By-election to the 29th Dáil

A Dáil by-election was held in the constituency of Meath in Ireland on Friday, 11 March 2005, to fill a vacancy in the 29th Dáil. It followed the resignation of Fine Gael Teachta Dála (TD) John Bruton on 31 October 2004 to take up his new position as European Union ambassador to the United States.

The writ of election to fill the vacancy was agreed by the Dáil on 15 February 2005.

Tommy Reilly, the original Fianna Fáil candidate, was forced to stand aside due to land rezoning issues.

On 15 February 2005, the campaign began when it was announced that polling would take place on 11 March 2005. Seven candidates contested the by-election, and it was won by the Fine Gael candidate, Shane McEntee.

It was held on the same day as the 2005 Kildare North by-election. Both were the final occasions which the Progressive Democrats contested by-elections.

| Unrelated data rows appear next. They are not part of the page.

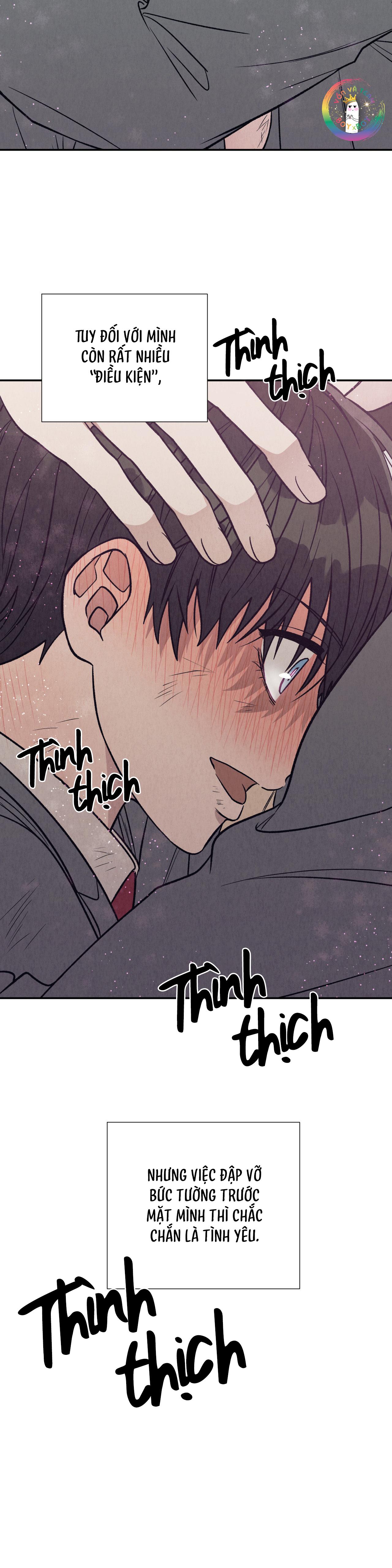 Đọc truyện I Love You - Chapter 4
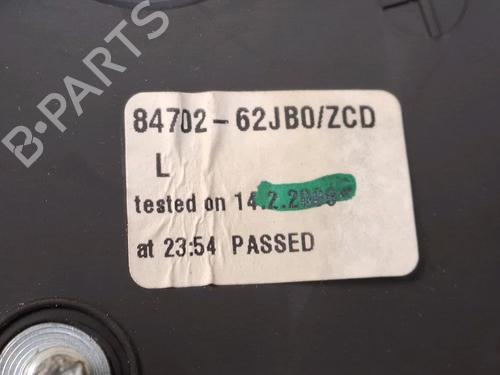 Spiegel buiten links SUZUKI SWIFT III (MZ, EZ) 1.6 (RS416, RR 416, ZC31S) (125 hp) 29948593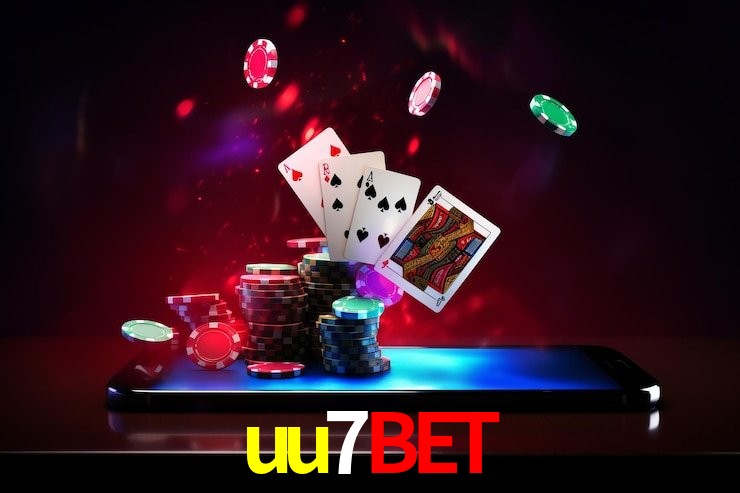 Live Casino uu7bet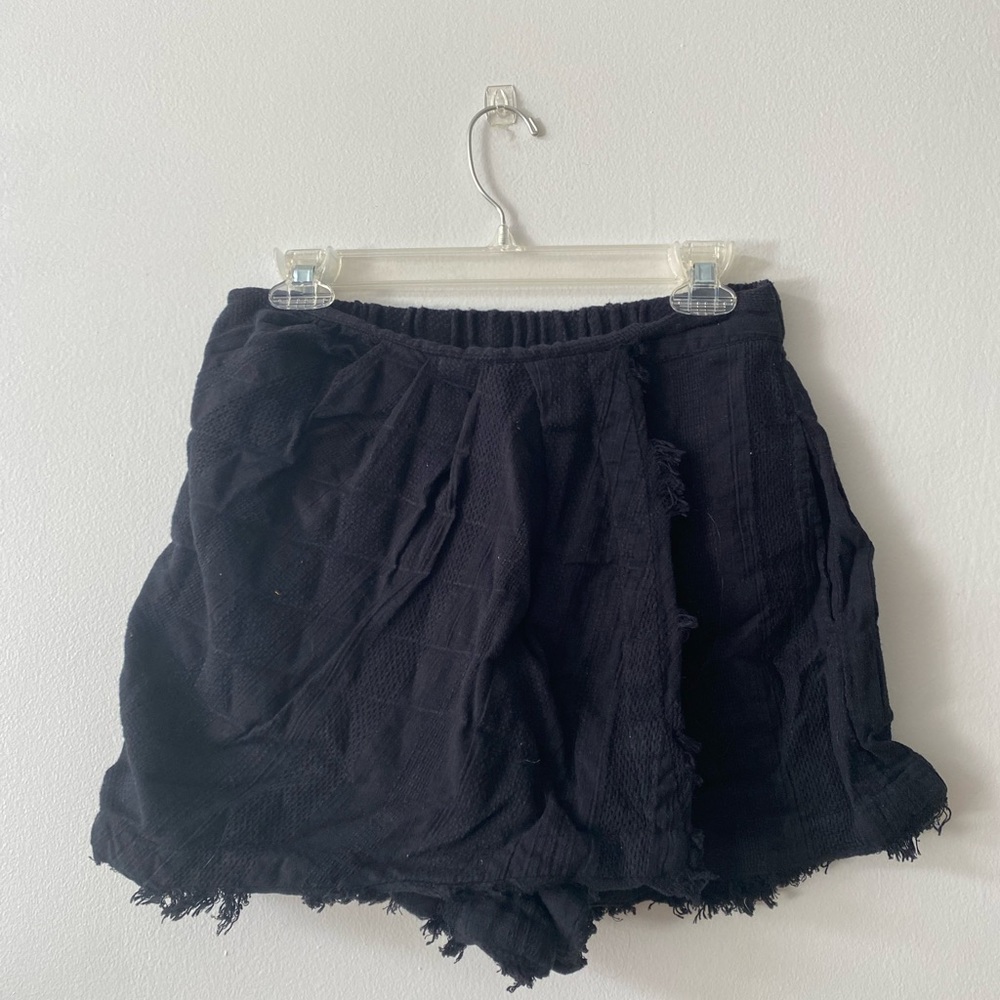 Free People Size L Skort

Meath was divided at the 2007 general election. McEntee was elected for Meath East.

==Result==

2005 Meath by-election
| Party |  | Candidate | FPv% | Count |  |  |  |
| 1 | 2 | 3 | 4 |
|  | Fine Gael | Shane McEntee | 34.1 | 16,964 | 17,083 | 18,214 | 24,047 |
|  | Fianna Fáil | Shane Cassells | 32.4 | 16,117 | 16,230 | 17,480 | 21,178 |
|  | Sinn Féin | Joe Reilly | 12.3 | 6,087 | 6,183 | 6,514 |  |
|  | Labour | Dominic Hannigan | 11.2 | 5,567 | 5,672 | 7,061 |  |
|  | Progressive Democrats | Sirena Campbell | 5.4 | 2,679 | 2,746 |  |  |
|  | Green | Fergal O'Byrne | 3.2 | 1,590 | 1,744 |  |  |
|  | Independent | Liam Ó Gogáin | 1.4 | 702 |  |  |  |
Electorate: 121,041 Valid: 49,706 Spoilt: 477 (0.9%) Quota: 24,854 Turnout: 50,183 (41.5%)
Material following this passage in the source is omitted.